WORK REQUIRED: If pictures appear in the lines below, skip them and copy exactly the lines from the one containing "Toddler passes out on play gym" through the one containing "John Moses of", and nothing else.

(ENTRIES PROVIDED)

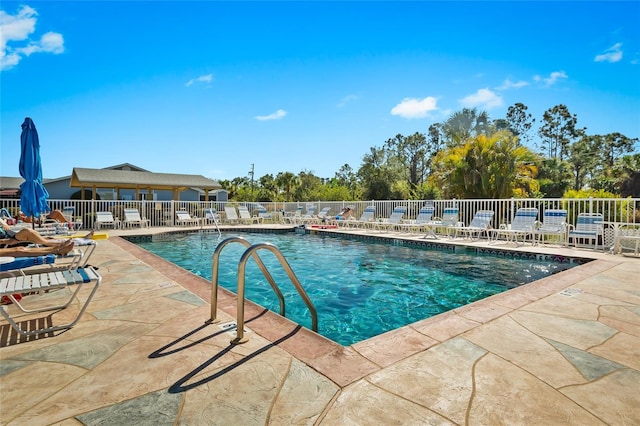 view of pool featuring a patio area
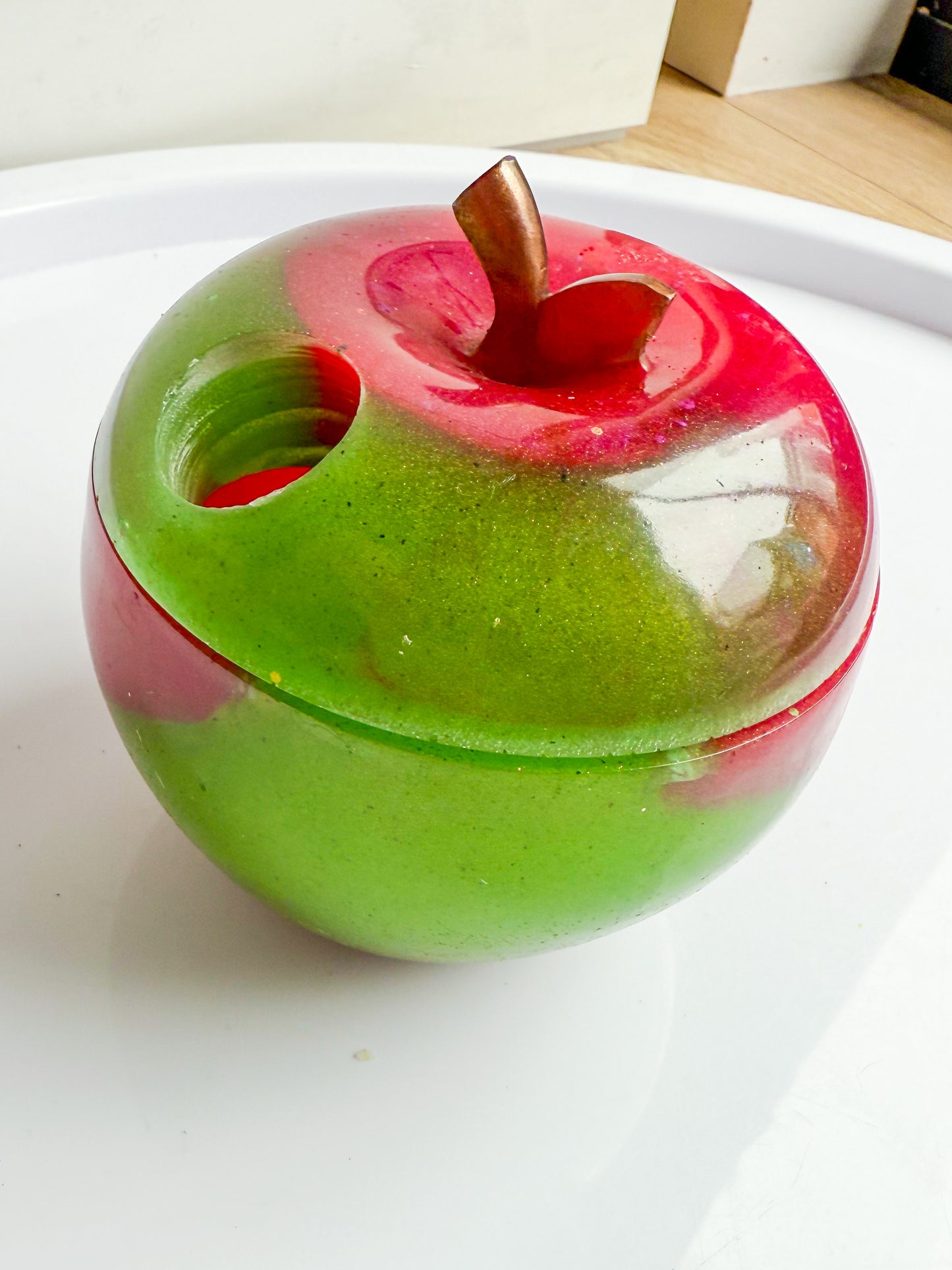 Apple trinket with worm hole
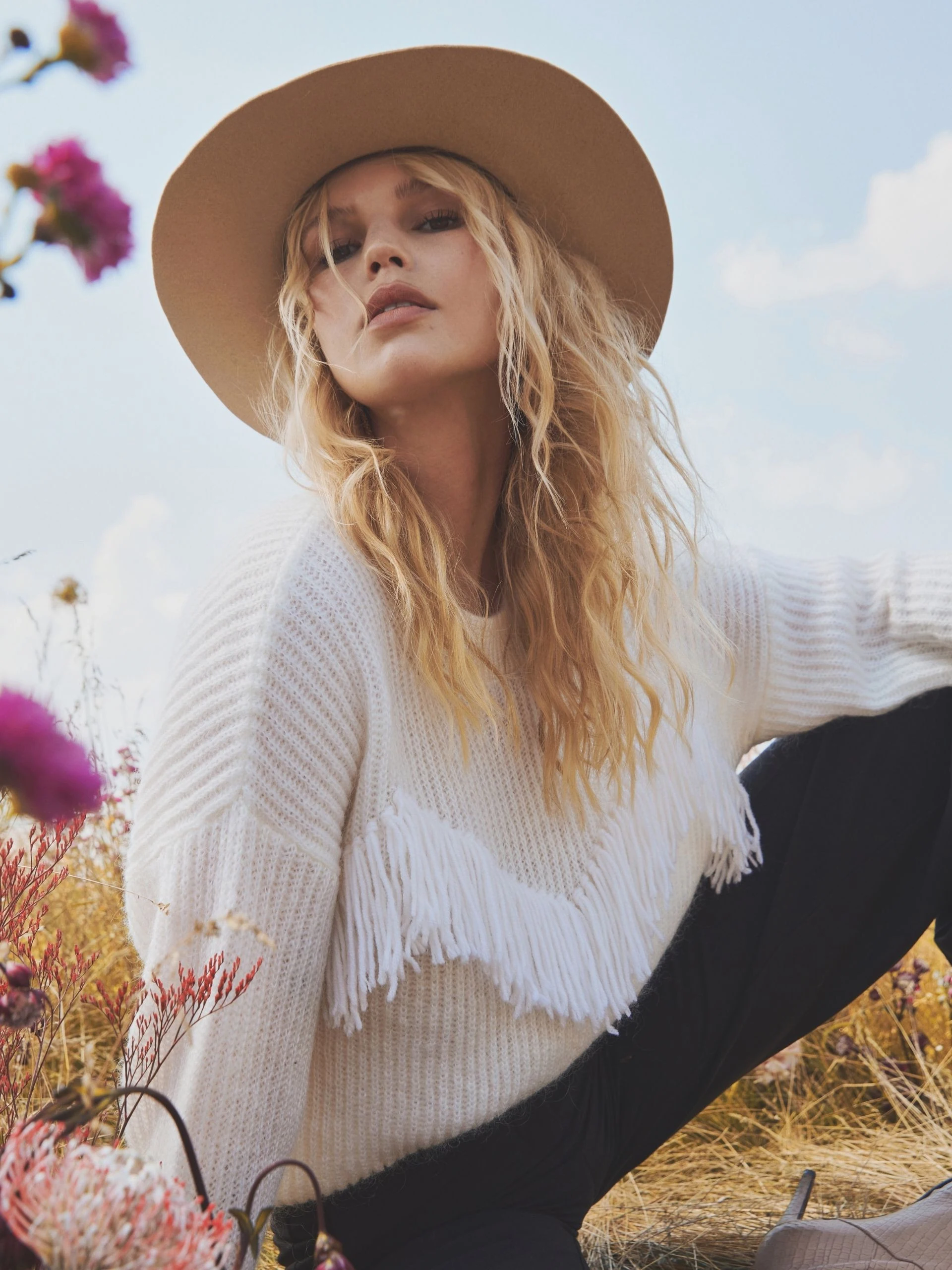 SWEATER WITH TASSELS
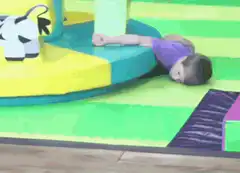 Toddler passes out on play gym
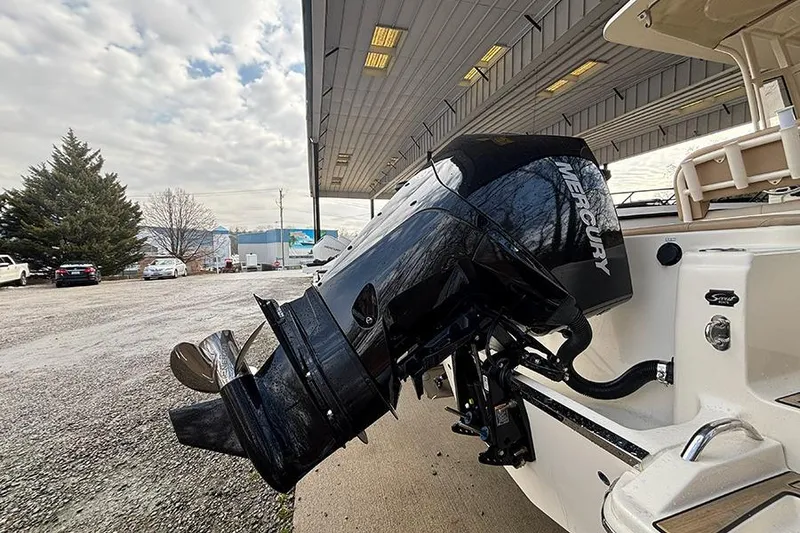 Slide: The Image of 2024 Scout 215 XSF boat with Mercury outboard motor under a covered area. - 27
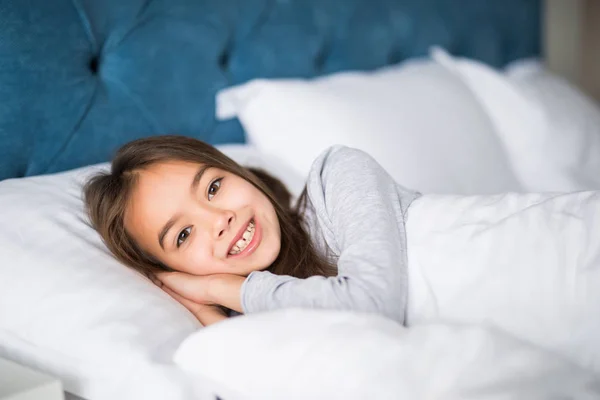 Очаровательная маленькая девочка проснулась в своей постели дома — стоковое фото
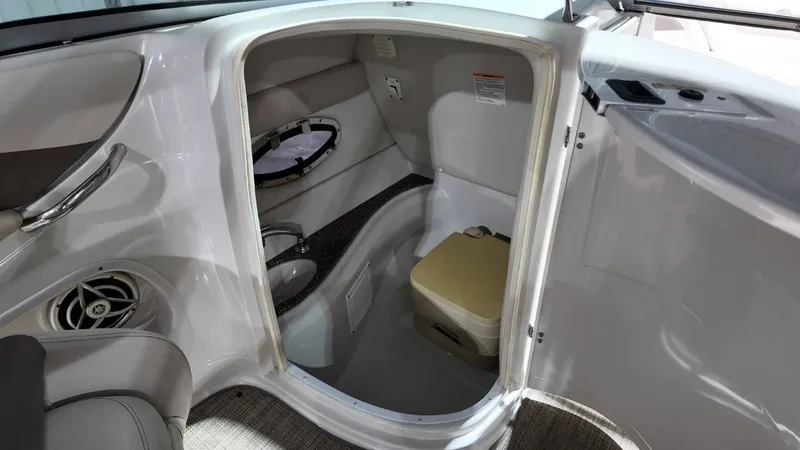 Slide: The Image of Interior of 2007 Crownline 240 LS with toilet and sink. - 27
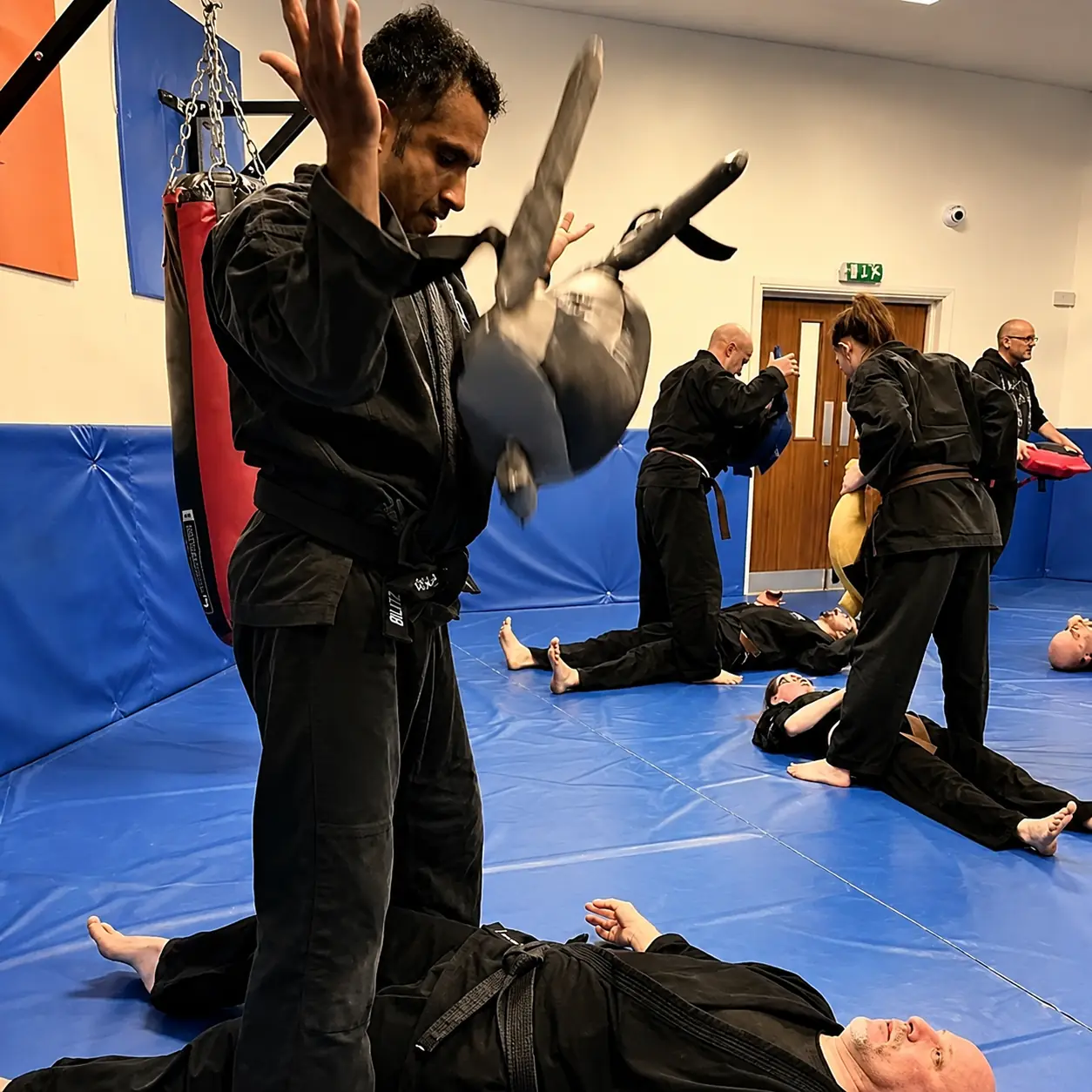 John Moses of Shuhari Self Defence Bracknell practicing conditioning with a Bulgarian Bag in a martial arts class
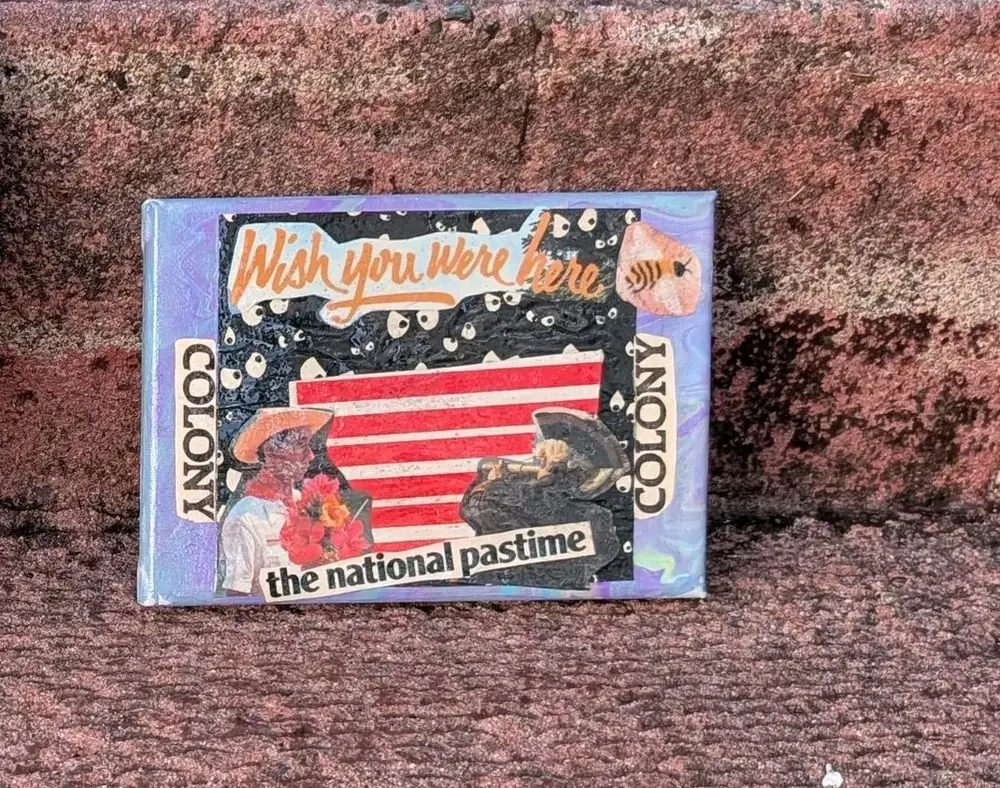Small collage on a lilac and blue marbled ground. A black panel scattered with cartoon eyes holds the words Wish you were here in orange script, red and white stripes, two cut-out figures in straw hats, and a strip reading the national pastime. The word COLONY runs down both sides, and a bee sits in the top corner.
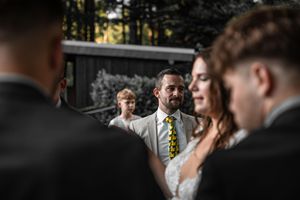 Wedding guests gathered outdoors during a ceremony with selective focus on a person wearing a yellow tie.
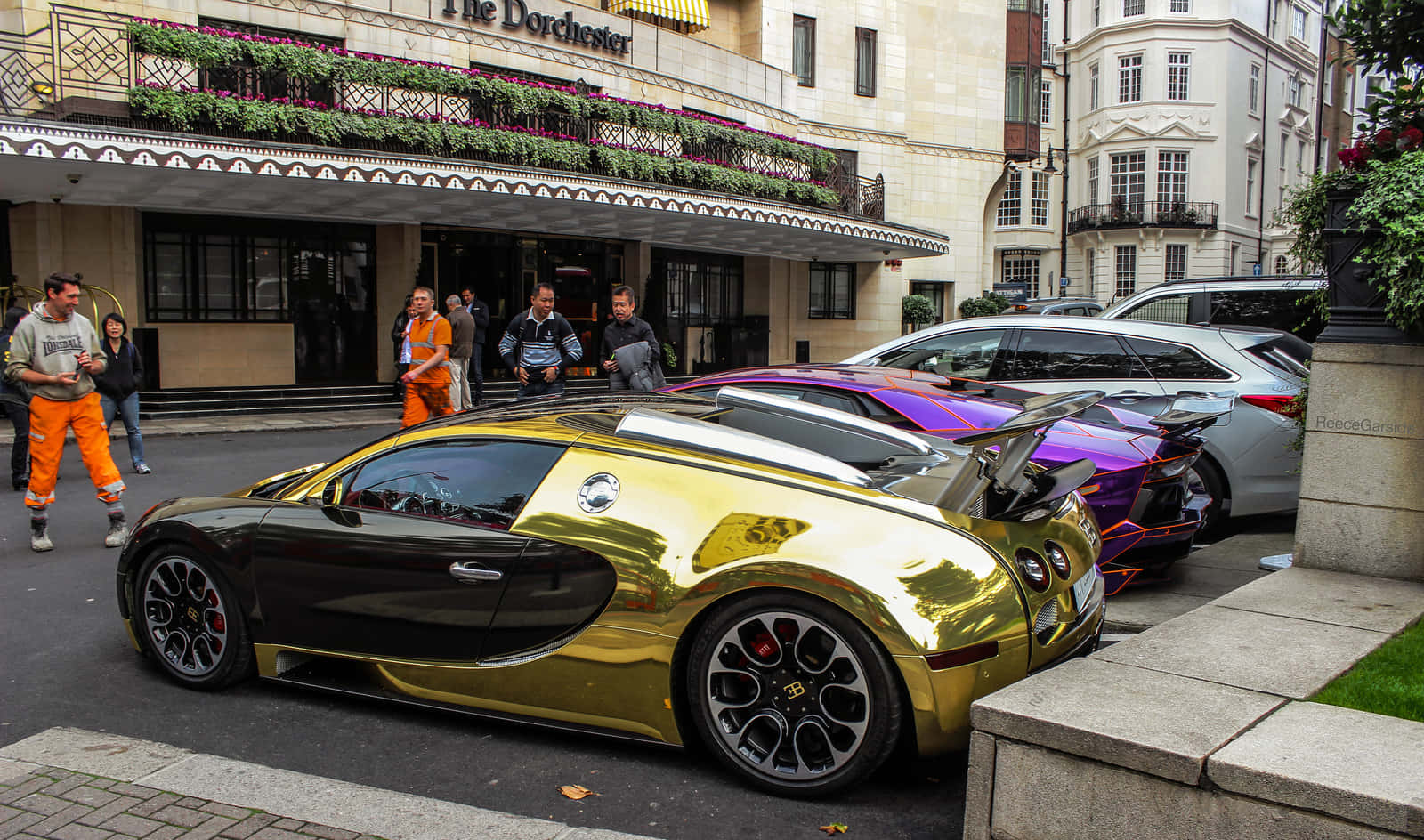 A Gold And Purple Bugatti Veyron Parked On The Street Wallpaper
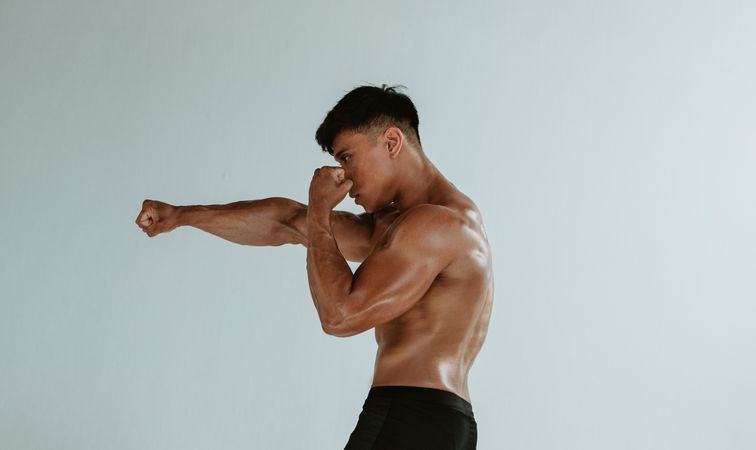 Side view of a muscular sports man training boxing moves in studio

(End ENTRIES PROVIDED)

TASK OUTPUT:
 Toddler passes out on play gym
 Slide: The Image of 2024 Scout 215 XSF boat with Mercury outboard motor under a covered area. - 27
 Очаровательная маленькая девочка проснулась в своей постели дома — стоковое фото
 Slide: The Image of Interior of 2007 Crownline 240 LS with toilet and sink. - 27
 John Moses of Shuhari Self Defence Bracknell practicing conditioning with a Bulgarian Bag in a martial arts class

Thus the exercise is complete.